The present invention relates to an apparatus that can induce selected behaviors in elasmobranch fish, e.g., sharks, rays and skates, by the use of electromagnetic waves.

BACKGROUND

Many aquatic creature-repellant devices have been designed over the years, mainly for sharks. Most such devices, recently, rely on the electro-perception that is performed by the ampullae of Lorenzini in the nose of the shark, ray or skate. These organs have been shown to be very sensitive to electrical fields, as demonstrated by Dr. Adrianus J. Kalmijn. With electric fields decreasing down to 5 nVcm-1 at distances up to 30 cm, Kalmijn was able to stimulate feeding attacks in sharks, rays and skates. It should be appreciated that this research was conducted against the background that the human body, especially when the skin is damaged, creates substantially stronger bioelectric fields which some sharks can detect from distances up to at least one meter. The galvanic fields of metallic objects are usually even stronger, which, according to Kalmijn, would explain the unusual behavior of sharks toward metallic gear underwater such as communication lines and sonar gear. Therefore, shark repulsion may be achieved by overstressing their natural electro-sensors.

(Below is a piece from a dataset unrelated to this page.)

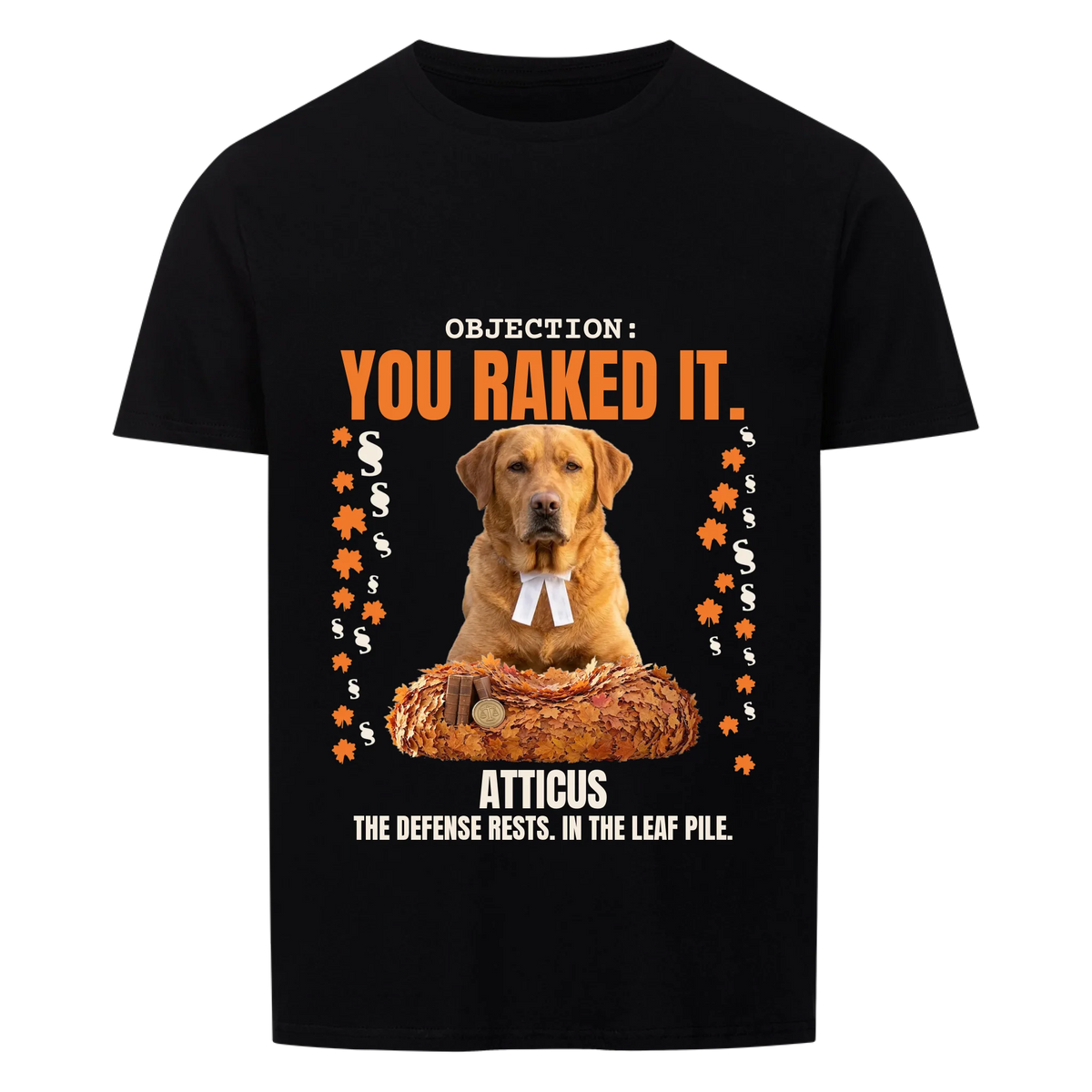 Objection: You Raked It custom pet t-shirt black - your dog in white barrister bands in a pile of orange maple leaves with law books and a gold seal, with name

U.S. Pat. No. 5,566,643 defines a method and equipment for controlling sharks, wherein electrodes are immersed in water, and applying electrical pulses thereto creates an electric field. The literature makes it clear that ampullary receptors are sensitive to electric fields rather than current flow. Yet, as science as known for quite some time, changing magnetic fields also creates electric fields. Pulsing current and voltage produces only pulsing electric waves and fields, whereas alternating current and voltage in electrodes, such as an electric dipole antenna, produces alternating electromagnetic waves and fields. It is the electromagnetic waves produced by alternating current and voltage, not static electric fields produced by pulsing direct current and voltage, that are the center of our work.

SUMMARY OF THE INVENTION

Alternating a current and voltage in an antenna, such as a coil of wire, produces an alternating electromagnetic. This is the basis for a magnetic dipole antenna, which produce electromagnetic fields. A dipole antenna transmitting electromagnetic fields of a selected frequency can affect selectively the electro-receptors of elasmobranch fish, e.g., sharks, rays and skates, to cause a selected response. This has been experimentally proven by the inventors; a dipole antenna producing an electromagnetic field in the proper frequency (e.g., about 10 Hz-40 Hz for repulsion) will cause the desired behavior in the elasmobranch fish. Not only does this method of an alternating current, dipole antenna provide a more efficient field and lower power consumption than the pulsed electric field method of the prior art, it also covers a greater distance for the same power, since the decay of the electric field is over distance squared instead of over distance cubed. Also the apparatus and methods of the present invention allow for safer construction of the device with safety in mind, and for a smaller size. Furthermore, humans are more sensitive to electric fields than they are to magnetic fields; the apparatus and methods of the present invention are less likely to create a strong current that may affect the human user and non-target aquatic life, whereas users of prior art electrode devices have complained of irritation and some pain, a result of the current created by the direct electric field of the device. Finally, the prior art electrode method has size and use limitations, whereas an apparatus embodying the present invention is not limited in size or shape, since antennas can come in all shapes and sizes.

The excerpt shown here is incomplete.